佐藤さん:夫の姉が近くに暮らしていたものの、そのほかの知り合いがいなくて。初めての土地で、初めての育児。土地勘がなかったので、保健所や遊び場、困り事の相談先など、これから子育てしていく上で知っておきたい場所がわからなかったですね。
- 妊娠中に、いろいろ情報を集めたりされたんですか?
佐藤さん:それが妊娠中はつわりがひどくて全然動けなかったんです。ほとんど寝たきりで、外にも出られないくらいで。やっと動けるとなったのが、里帰りの2カ月前くらいかな。でも、つわりで仕事を休んでいた分、その間は働いて。あっという間に里帰りの日が。以降も切迫早産のために入院になったので、外に出られなくて。結局、情報は出産後にインターネットで調べて得ましたね。
- 出産後はどんなことが壁になったりしましたか?
佐藤さん:私は出かけたい派だから、部屋の中にいるよりは外に出かけたくて散歩したり…家の近くにつどいの広場があったのでそこに行ったり。でも、最初はつどいの広場に1人で双子を連れていくことができなかったんです。
- 1人で行けなかったというのは、物理的にということですか?
佐藤さん:気持ちの面ですね。2人を連れて行っても大丈夫なんだろうかって。家の中でもわちゃわちゃしているのに、ほかの子がいる場所に行ったらどうなるんだろうとか、双子用ベビーカーは置ける場所があるのかなとか、大人は私1人なので子どもたちがずっと泣いていたらどうしようとか。
いろんなことが心配で、不安で。母がこっちに来てくれた時に一緒に行ってもらったんです。復職に向けて、ちょうど保育園を決めないといけない時期でもあったので、見学にも一緒について来てもらいました。

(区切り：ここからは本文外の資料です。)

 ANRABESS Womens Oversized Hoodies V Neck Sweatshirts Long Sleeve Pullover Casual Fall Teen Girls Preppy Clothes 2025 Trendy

- お出かけの不安がある中、実際に行ってみたらどうでしたか?
佐藤さん:母も一緒だったから行けましたし、気持ち的にも楽でした。その時に、つどいの広場のスタッフの方から「同じくらいの月齢の双子ちゃんが来てるよ」と教えてもらい、「いつか会えるかな!」という楽しみが増えたので、その後は1人で双子を連れて行けるようになりました。
その話に聞いていた双子のママとは、近所を散歩している時に公園で出会えて、「わぁーーー!」みたいになって(笑)。今も仲良くしています。
- たまたま散歩をしていた時に出会えるなんて、すごいですね! 嬉しいですね。
佐藤さん:その出会ったママが行動的で、いろんな情報が入ってくるし、バスや電車にもどんどん乗っていくみたいな日々が始まりました。私はバスや電車には「絶対に乗れない!」という気持ちだったんですけど、そのママが「大丈夫! 乗れるよ」みたいな感じだったから。初めての電車移動も、そのママと阪急西宮ガーデンズまで行きました。
たった1駅だけでしたが、「あぁ、乗れるんだ」ということが自信につながりました。そのママが今度はふたご会に行くというので、私も一緒に行って、そこでたくさんの双子のママパパと出会うこともできたんです。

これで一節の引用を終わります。